> **Exercise**
Nothing is needed except the lines below that run from the one with "WHY ARE PEOPLE" through the one with "Actress Priyanka Sharma", repeated exactly.

> **Data in this exercise**
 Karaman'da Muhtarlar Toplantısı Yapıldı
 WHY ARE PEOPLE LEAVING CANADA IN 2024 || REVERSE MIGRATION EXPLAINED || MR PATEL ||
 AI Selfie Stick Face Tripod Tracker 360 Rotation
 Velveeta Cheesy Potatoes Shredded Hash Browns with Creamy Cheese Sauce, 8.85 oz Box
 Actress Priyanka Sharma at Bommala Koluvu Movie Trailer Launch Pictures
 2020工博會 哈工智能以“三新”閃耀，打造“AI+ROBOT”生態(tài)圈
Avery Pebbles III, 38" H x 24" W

--

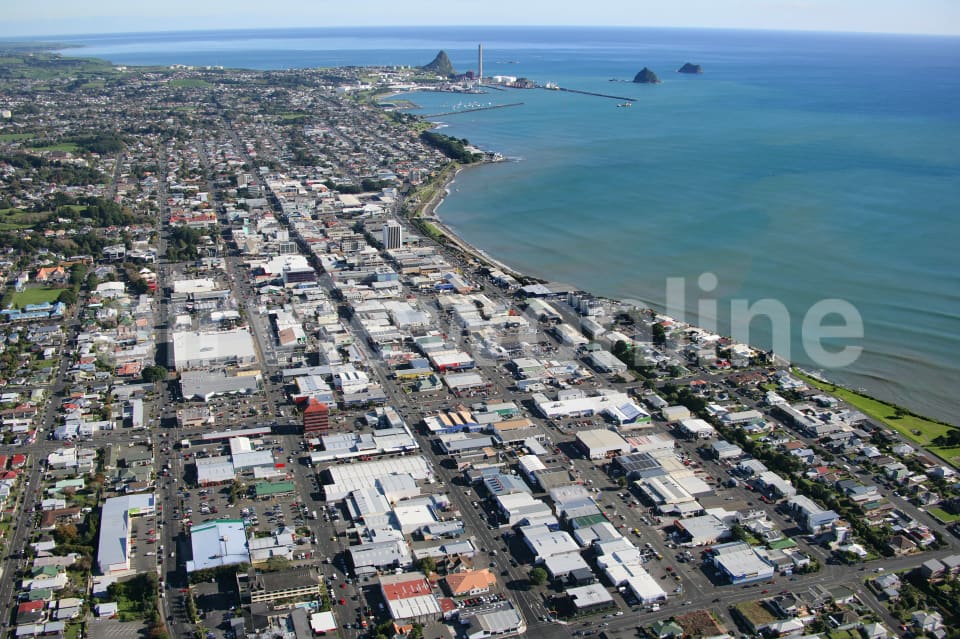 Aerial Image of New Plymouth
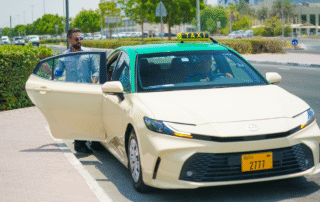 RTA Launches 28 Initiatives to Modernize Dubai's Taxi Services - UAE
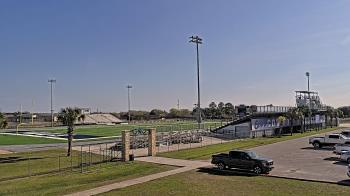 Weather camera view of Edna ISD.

> **Solution to the problem**
 WHY ARE PEOPLE LEAVING CANADA IN 2024 || REVERSE MIGRATION EXPLAINED || MR PATEL ||
 AI Selfie Stick Face Tripod Tracker 360 Rotation
 Velveeta Cheesy Potatoes Shredded Hash Browns with Creamy Cheese Sauce, 8.85 oz Box
 Actress Priyanka Sharma at Bommala Koluvu Movie Trailer Launch Pictures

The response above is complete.